*** Opening Input material ***

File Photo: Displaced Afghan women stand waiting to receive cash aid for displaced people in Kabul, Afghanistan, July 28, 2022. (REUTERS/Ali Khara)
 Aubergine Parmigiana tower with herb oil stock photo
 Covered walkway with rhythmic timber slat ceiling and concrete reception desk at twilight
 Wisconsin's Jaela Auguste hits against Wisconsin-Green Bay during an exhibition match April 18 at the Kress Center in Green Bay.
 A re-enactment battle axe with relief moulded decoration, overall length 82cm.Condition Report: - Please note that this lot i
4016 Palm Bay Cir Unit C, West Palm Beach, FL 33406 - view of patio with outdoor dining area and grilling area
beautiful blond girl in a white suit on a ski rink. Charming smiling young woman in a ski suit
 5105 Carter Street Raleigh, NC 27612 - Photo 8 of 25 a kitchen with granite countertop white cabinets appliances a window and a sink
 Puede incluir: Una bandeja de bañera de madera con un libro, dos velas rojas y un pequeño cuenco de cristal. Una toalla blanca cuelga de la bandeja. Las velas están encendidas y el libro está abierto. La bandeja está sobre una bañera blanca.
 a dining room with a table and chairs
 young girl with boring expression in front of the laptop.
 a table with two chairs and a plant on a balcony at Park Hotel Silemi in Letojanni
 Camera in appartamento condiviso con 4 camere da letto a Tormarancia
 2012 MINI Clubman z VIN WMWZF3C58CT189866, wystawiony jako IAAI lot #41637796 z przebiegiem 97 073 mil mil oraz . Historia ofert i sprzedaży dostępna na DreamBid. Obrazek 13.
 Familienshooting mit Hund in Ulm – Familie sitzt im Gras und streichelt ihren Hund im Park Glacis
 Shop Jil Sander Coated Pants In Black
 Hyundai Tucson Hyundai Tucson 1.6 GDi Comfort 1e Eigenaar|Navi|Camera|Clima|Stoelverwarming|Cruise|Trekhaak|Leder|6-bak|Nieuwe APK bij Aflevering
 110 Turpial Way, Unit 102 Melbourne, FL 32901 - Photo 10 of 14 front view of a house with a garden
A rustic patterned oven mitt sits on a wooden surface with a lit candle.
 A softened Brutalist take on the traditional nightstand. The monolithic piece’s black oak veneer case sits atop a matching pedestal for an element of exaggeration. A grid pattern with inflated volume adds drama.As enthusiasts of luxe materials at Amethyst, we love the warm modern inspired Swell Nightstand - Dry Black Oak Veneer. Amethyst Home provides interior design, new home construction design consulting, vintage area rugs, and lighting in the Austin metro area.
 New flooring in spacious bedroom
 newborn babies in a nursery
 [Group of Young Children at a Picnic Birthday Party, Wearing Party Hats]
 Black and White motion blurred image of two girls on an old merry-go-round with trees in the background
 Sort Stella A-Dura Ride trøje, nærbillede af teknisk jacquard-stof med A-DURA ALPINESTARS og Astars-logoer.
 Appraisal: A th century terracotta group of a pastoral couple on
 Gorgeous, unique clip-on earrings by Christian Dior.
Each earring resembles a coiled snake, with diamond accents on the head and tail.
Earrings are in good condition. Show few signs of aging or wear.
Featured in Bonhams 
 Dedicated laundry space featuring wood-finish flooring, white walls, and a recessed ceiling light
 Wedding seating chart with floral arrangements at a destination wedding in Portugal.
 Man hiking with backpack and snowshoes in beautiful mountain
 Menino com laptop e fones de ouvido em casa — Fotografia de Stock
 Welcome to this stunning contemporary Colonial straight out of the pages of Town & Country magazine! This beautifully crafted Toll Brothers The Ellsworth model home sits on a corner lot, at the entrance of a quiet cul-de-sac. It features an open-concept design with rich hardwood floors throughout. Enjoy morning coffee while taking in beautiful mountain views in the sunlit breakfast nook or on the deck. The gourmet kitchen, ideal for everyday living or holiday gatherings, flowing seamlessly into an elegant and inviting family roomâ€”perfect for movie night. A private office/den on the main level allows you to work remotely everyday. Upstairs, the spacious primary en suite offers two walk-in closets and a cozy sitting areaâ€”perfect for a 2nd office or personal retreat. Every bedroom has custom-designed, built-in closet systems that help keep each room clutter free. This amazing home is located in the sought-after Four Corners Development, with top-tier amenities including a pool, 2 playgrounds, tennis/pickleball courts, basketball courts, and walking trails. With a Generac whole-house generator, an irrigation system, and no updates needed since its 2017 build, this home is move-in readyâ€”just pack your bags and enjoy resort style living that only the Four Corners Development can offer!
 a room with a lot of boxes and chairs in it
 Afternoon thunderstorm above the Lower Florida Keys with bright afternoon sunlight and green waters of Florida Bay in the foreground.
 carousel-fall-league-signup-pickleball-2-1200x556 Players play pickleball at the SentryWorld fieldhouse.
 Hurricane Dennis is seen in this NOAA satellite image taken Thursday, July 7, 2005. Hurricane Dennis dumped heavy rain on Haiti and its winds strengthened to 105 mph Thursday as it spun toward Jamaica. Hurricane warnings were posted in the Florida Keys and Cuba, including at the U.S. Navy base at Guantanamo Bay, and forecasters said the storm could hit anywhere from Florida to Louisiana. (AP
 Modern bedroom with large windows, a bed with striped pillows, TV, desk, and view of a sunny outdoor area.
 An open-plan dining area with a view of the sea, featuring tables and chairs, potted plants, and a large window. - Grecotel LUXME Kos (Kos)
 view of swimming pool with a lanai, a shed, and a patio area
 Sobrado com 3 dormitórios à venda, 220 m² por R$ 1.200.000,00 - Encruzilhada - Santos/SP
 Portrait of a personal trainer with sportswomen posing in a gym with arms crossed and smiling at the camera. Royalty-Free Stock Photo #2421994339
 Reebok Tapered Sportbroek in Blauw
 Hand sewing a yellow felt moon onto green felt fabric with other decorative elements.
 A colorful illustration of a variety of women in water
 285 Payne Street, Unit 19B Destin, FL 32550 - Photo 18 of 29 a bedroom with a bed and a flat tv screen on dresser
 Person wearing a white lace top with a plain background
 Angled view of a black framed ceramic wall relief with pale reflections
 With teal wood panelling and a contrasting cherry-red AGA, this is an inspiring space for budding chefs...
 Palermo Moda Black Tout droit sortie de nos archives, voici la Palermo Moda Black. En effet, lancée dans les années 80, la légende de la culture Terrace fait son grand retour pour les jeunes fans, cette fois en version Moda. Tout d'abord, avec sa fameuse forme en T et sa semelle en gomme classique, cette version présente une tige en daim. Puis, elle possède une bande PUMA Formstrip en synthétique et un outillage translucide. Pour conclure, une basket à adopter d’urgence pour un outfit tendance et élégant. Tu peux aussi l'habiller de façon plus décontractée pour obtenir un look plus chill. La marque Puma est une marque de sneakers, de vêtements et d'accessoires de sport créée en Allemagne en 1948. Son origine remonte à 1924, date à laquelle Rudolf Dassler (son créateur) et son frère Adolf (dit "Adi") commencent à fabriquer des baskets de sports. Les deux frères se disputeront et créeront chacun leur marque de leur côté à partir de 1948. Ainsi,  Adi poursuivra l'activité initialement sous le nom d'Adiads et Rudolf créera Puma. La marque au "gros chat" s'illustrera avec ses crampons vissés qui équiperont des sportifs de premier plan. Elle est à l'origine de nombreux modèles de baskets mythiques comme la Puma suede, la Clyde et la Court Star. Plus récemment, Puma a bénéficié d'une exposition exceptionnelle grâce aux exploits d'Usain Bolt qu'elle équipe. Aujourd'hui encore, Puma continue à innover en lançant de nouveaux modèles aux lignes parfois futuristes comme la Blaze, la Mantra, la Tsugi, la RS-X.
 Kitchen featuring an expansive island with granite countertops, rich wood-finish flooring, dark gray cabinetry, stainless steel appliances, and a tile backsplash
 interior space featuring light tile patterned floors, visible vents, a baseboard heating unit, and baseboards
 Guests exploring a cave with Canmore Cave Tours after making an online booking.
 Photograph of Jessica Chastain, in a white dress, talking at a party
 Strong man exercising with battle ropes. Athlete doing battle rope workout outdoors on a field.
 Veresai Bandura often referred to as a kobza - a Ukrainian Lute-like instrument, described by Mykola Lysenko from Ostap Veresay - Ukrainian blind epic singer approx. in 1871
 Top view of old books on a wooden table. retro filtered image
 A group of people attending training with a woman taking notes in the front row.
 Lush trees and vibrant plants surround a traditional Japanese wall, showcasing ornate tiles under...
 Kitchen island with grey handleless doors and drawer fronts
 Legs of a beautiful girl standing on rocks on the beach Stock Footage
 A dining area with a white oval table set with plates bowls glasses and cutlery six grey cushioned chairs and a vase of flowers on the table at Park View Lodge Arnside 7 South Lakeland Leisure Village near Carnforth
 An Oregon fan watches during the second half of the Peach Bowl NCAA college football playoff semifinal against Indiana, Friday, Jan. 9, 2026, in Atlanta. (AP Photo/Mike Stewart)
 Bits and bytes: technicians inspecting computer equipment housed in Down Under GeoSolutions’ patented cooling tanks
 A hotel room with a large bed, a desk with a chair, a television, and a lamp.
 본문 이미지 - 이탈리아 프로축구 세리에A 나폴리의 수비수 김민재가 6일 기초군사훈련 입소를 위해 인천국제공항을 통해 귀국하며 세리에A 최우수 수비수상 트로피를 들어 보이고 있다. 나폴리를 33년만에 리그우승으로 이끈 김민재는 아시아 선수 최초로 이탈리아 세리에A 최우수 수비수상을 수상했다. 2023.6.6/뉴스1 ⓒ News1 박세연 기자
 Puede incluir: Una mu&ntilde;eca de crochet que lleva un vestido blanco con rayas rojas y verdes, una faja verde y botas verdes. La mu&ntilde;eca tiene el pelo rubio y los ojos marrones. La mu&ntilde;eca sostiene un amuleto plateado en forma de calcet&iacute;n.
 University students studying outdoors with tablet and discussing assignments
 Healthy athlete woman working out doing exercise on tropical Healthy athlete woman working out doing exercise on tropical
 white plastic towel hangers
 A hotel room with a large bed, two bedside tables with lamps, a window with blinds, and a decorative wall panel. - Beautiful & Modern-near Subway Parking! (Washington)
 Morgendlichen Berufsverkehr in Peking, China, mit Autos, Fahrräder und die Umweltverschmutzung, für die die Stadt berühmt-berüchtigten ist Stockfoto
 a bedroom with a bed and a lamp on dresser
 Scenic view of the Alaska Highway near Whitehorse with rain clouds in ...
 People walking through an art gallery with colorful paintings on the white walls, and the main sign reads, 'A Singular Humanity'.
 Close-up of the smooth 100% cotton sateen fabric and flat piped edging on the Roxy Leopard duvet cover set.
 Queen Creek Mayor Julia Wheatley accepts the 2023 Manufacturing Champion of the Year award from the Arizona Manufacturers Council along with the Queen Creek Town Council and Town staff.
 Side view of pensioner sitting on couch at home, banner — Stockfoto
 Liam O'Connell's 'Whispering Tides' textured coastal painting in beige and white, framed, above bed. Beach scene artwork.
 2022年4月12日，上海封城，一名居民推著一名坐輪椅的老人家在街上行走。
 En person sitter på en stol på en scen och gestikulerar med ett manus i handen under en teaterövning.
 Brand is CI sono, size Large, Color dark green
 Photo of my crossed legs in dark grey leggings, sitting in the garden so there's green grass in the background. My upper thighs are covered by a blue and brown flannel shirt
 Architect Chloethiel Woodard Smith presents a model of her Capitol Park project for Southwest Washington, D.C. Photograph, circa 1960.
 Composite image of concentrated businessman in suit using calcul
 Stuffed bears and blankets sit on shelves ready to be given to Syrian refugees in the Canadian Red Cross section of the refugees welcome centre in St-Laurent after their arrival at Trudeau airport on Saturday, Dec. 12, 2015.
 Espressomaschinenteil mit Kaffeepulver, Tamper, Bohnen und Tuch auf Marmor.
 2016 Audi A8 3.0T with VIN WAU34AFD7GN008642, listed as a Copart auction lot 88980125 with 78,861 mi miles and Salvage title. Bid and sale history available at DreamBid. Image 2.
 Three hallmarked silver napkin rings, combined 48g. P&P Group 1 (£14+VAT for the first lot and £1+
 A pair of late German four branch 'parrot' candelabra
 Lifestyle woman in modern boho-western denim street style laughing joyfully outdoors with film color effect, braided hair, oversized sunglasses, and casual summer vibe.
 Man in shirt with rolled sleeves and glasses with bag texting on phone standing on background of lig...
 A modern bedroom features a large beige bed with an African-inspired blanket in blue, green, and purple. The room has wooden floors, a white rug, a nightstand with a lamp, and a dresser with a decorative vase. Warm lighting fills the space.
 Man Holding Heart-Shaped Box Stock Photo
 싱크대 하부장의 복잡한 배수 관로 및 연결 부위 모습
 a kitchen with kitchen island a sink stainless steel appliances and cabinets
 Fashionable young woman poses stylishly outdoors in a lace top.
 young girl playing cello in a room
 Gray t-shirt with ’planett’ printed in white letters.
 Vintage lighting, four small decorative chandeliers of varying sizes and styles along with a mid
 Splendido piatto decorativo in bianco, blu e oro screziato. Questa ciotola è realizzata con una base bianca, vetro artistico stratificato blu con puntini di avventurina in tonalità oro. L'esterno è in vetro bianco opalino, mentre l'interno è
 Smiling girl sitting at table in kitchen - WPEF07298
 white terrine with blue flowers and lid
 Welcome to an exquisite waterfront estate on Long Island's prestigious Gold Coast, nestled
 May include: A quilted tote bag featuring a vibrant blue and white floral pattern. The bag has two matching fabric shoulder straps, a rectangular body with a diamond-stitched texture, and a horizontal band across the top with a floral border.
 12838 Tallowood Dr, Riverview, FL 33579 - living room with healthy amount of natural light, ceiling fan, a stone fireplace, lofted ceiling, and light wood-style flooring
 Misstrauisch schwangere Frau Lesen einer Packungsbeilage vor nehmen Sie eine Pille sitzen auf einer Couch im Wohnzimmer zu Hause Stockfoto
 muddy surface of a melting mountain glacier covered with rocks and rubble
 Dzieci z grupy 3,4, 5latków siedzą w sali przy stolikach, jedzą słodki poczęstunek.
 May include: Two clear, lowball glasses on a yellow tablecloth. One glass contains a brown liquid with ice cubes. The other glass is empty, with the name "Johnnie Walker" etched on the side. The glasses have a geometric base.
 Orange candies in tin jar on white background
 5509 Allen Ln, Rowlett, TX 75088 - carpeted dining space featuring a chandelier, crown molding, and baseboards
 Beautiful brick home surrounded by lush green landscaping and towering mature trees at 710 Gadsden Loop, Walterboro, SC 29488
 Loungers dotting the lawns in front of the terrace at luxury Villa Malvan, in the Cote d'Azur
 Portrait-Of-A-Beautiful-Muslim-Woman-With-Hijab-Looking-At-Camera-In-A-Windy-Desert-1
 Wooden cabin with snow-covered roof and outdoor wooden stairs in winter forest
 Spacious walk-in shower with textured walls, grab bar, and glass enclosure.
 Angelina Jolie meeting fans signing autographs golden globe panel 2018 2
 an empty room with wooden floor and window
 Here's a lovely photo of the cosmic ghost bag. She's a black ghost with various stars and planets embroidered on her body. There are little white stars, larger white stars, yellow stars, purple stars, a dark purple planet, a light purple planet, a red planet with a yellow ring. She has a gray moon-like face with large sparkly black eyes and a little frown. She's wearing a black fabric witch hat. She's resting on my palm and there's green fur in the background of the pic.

*** Closing Input material ***

## Problem requirements
Using the entries above, quote each line verbatim from the first through the line that contains "a table with".

## Answer to the problem
File Photo: Displaced Afghan women stand waiting to receive cash aid for displaced people in Kabul, Afghanistan, July 28, 2022. (REUTERS/Ali Khara)
 Aubergine Parmigiana tower with herb oil stock photo
 Covered walkway with rhythmic timber slat ceiling and concrete reception desk at twilight
 Wisconsin's Jaela Auguste hits against Wisconsin-Green Bay during an exhibition match April 18 at the Kress Center in Green Bay.
 A re-enactment battle axe with relief moulded decoration, overall length 82cm.Condition Report: - Please note that this lot i
4016 Palm Bay Cir Unit C, West Palm Beach, FL 33406 - view of patio with outdoor dining area and grilling area
beautiful blond girl in a white suit on a ski rink. Charming smiling young woman in a ski suit
 5105 Carter Street Raleigh, NC 27612 - Photo 8 of 25 a kitchen with granite countertop white cabinets appliances a window and a sink
 Puede incluir: Una bandeja de bañera de madera con un libro, dos velas rojas y un pequeño cuenco de cristal. Una toalla blanca cuelga de la bandeja. Las velas están encendidas y el libro está abierto. La bandeja está sobre una bañera blanca.
 a dining room with a table and chairs
 young girl with boring expression in front of the laptop.
 a table with two chairs and a plant on a balcony at Park Hotel Silemi in Letojanni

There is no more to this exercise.